An unprecedented land grab will threaten the last old growth forests of Finnish Lapland and the homeland of the indigenous Sámi Peoples, as the new Forestry Act has been approved today by the Finnish Parliament. The new Forestry Act opens the Sámi areas in Upper Lapland, including large tracts of boreal old growth forests, to a range of economic activity.

 

This law arrives after the previous Finnish Government failed to ratify the UN Convention on the Rights of Indigenous Peoples, leaving the Sámi vulnerable. Now the current government in Finland is moving fast to completely wreck the existing rights of the only Indigenous Peoples living in the European Union. 

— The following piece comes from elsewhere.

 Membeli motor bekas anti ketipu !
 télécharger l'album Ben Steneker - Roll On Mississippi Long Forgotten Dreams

The new Act will affect 2.2 million hectares of water systems and 360,000 hectares of land, mostly in the Sub-Arctic and North Boreal areas of Finland, the Sámi’s Home Area. This area constitutes the last large intact forest landscape of Europe. The Act transfer power over this region further into the hands of state authorities, opening up the Sámi Home Area and sub-Arctic ecosystems to railway construction, and with that, potential expansion of mining, forestry and other infrastructure projects.

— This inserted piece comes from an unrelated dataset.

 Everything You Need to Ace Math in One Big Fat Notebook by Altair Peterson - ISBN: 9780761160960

The new Forestry Act no longer requires Metsähallitus, the Finnish state-run enterprise which already controls 90% of the Sámi Home Area, to liase with the Sámi Parliament and the Skolt Sámi Village Council on issues of land management and their potential impacts on indigenous people’s lives. And of course, the Act has been written and voted without the Free, Prior and Informed Consent of the Sámi People, as required by UN conventions.

The new Act doesn't include measures to provide a protective zone and mechanisms for the Sámi to safeguard their cultural practices. “Sámi reindeer herding and the Sámi way of life are in danger of disappearing with the new Forestry Act. We will have few opportunities to influence the decision making over our lands. Rather, our territories will be controlled by market economy values,” says Jouni Lukkari, President of the Finnish Section of the Sámi Council to IC Magazine.

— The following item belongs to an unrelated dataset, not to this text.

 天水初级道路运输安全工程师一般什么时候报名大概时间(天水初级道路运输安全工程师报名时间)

Tero Mustonen, a scientist from the Snowchange Cooperative, and one of the Lead Authors of the Arctic Council’s Arctic Biodiversity Assessment (ABA), adds: “Arctic peoples have thrived in a harsh environment for millennia, in no small part because they have acquired a great depth of knowledge about the land and waters of their homelands and the species that live there, which provide food, clothing and meaning to Arctic cultures. This traditional ecological knowledge is increasingly recognized as an important source of information for, among other things, understanding Arctic biodiversity and developing effective strategies to conserve that biodiversity, including indigenous ways of life.”